I feel my skin tingle with fear.
“Why was Pastor Orman… praying over you?”
“Do you not know? It’s quite simple, my dear. I was possessed by a demon as a child. And I still am to this day…”
The manner in which he said it, in such a nonchalant fashion, terrifies me. I look down at my hands on the table. They’re trembling.
“The Pastor tried his best to cast the demon out of me. Though he quoted all sorts of bible verses, spoke in tongues and beseeched the Lord Jesus to remove the unclean spirit from my body, nothing worked. Pastor Orman eventually gave up on the exorcism and told my Mother to take me away from his church and to never come back. “His soul is tainted!” he declared. “This boy is the child of Satan, possessed by the Devil Himself!” I remember how you gave me a sad confused look as my Mother snatched me off the floor, sobbing. I cried to be separated from you too. The tears of a child are the saddest thing, are they not? Needless to say, I never returned to your church… You don’t recall any of this embarrassing incident, do you Grace?”
I shake my head no. He keeps talking, asking me questions.
“It feels to me like it happened just yesterday. You don’t remember?”
“No.”
“May I ask you as a Christian, you do believe in the power of demonic possession?”
“I’m no longer a Christian.”
“That’s good because neither am I.”
I sit absolutely still, unable to speak.
“You still don’t know who I am, do you Ms. Madsen? I’m surprised you don’t remember me. Why don’t you take a guess?”
“No! I don’t know you! I don’t remember you.”
“There’s no need to raise your voice. Have I said something to offend you?”
“I don’t want to talk about it anymore!” I shout, quite loudly.
Several heads turn in my direction and the crowd becomes quiet around me. After I raise my voice, the sides of the demon’s lips curl up slightly in amusement. James hears my outburst and moves quickly through the crowd toward my table. He eyes the man suspiciously.

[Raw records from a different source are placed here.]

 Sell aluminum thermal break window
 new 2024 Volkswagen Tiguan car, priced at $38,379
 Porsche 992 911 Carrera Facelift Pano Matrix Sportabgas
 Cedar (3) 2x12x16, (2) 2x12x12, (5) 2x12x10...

“Grace, I heard you shout. Is everything alright?” James asks.
I look up at James and nod, embarrassed to have caused a scene in his club.

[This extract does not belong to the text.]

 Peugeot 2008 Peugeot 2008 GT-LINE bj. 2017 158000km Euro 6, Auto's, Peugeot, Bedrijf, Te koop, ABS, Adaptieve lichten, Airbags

“Yes. I’m sorry. Everything’s OK,” I say.
James gives the demon a stern look.
“Is this man bothering you?” he asks.
“No,” I say.
“Are you sure, honey?” James asks.
“Yes, I’m sure.”
“OK. I’ll be right over at the bar if you need me,” James says, slipping back through the crowd.
I take a deep breath and answer the demon’s question in a more composed voice.
“I don’t remember your story, Mr. Barrington. I wasn’t there. You must have me mistaken for someone else. I have no idea who you are, Sir.”
The demon leans forward across the table and whispers in a conspiratorial voice.
“I apologize if I’ve upset you child. For now, in the limited time we have together; let me say that the slave collar you wear is undignified and does not befit a woman of your royal bloodline. You don’t realize this yet Grace, but you are a much more important and powerful person than you think. It is your destiny to become the Queen of the Underworld. You have no idea what power lies within you. Allow me to help you become aware of that power and utilize it, for good or ill.”
The crazy talk upsets me further. I feel nauseous. My head is spinning. I try to move away but my ankle is cuffed to the leg of the table.